OMAGGIO ALLA CATALOGNA
di Franco Astengo
Questo testo contiene
semplicemente un piccolo frammento del primo capitolo del celebre Omaggio alla Catalogna scritto da George
Orwell nel 1938 di ritorno dall’aver militato nelle fila repubblicane nella
guerra civile di Spagna. S’intende con questa microscopica operazione di
semplice copiatura rendere nuovamente, in questi tempi difficili e drammatici,
un omaggio alla Catalogna: non si dispone delle conoscenze e delle capacità per
entrare nel merito della vicenda che, in queste ore, sta mettendo alla prova
l’intero tessuto democratico della Spagna. Un presunto tessuto democratico
quello spagnolo che si dimostra ancora in una fase di transizione dal mai
dimenticato franchismo, con il ritorno in prima linea da protagonista del
regime della Guardia Civil. Esiste però, in questo frangente, l’emergere di una
faglia che neppure Rokkan ha inserito nei suoi testi fondamentali riguardanti i
cleavages politici (vi si parla di centro/periferia): la linea di demarcazione
tra monarchia e repubblica.
La Catalogna
soffrì soprattutto durante la guerra civile e in seguito per essersi dimostrata
fieramente repubblicana (anche per altri fattori, beninteso, che non debbono
essere dimenticati come quello della forte presenza anarchica e di marxisti non
osservanti rispetto al regime stalinista dell’URSS: basti ricordare le vicende
del POUM).
La divisione
Monarchia/Repubblica attraversa ancora il tessuto politico e sociale e si
tratta di una divisione per la quale è naturale ancor oggi prendere posizione.
Si tratta della grande divisione storica per la sinistra che non può che essere
repubblicana, al di là dei momentanei tatticismi che pure fanno parte della
storia e che non possono essere negati, come l’insieme delle contraddizioni che
emergono sempre nei grandi passaggi epocali.
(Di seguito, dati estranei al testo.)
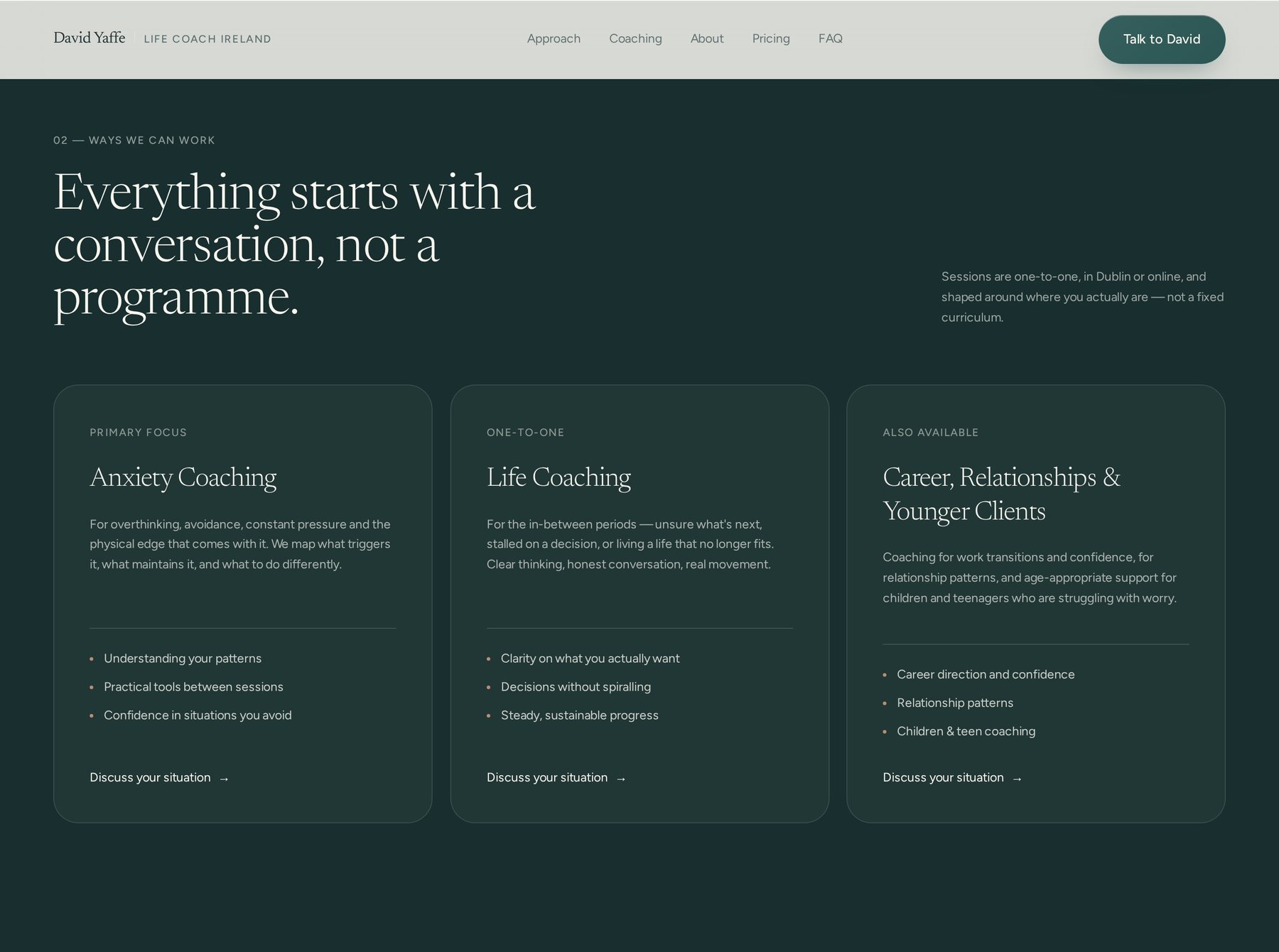 Coaching section of the Life Coach Ireland website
“L’esprit republicain” però: sempre e
comunque, al di sopra di tutto. Ecco poche righe da Orwell:
“[..] Le bandiere rosse di Barcellona, le sparute
tradotte cariche di soldati male in arnese che si trascinavano a fatica verso
il fronte, le cittadine grigie e più avanti sconvolte dalla guerra, le trincee
fangose e gelate sulle montagne. Era la fine di dicembre del 1936, neanche
sette mesi fa, eppure è un periodo che si è già allontanato a un’enorme distanza
dal passato. Gli eventi successivi l’hanno cancellato ancor più completamente
di quanto abbiamo cancellato il 1935 o addirittura il 1905. Ero arrivato in
Spagna con la vaga idea di scrivere articoli per la stampa, ma poi mi ero
arruolato quasi subito nella milizia, perché in quel momento e in
quell’atmosfera sembrava l’unica cosa concepibile da fare. Gli anarchici
mantenevano ancora il virtuale controllo della Catalogna e la rivoluzione era
ancora in pieno corso. Qualcuno che fosse stato lì sin dall’inizio forse
avrebbe avuto già a dicembre e a gennaio che il periodo rivoluzionario stesse
finendo, ma se si era appena arrivati dall’Inghilterra bastava guardarsi
attorno a Barcellona per essere sorpresi e soggiogati. Era la prima volta che
mi trovavo in una città dove la classe operaia era saldamente in sella.
Praticamente tutti gli edifici,
piccoli o grandi che fossero, erano stati occupati dagli operai ed erano
pavesati di bandiere rosse o di quelle rossonere degli anarchici; su ogni muro
c’erano disegnati falci e martelli e le sigle dei partiti rivoluzionari...”.
Questo
soltanto per semplice testimonianza di un altro “assalto al cielo” da non
dimenticare anche oggi in tempi apparentemente così diversi.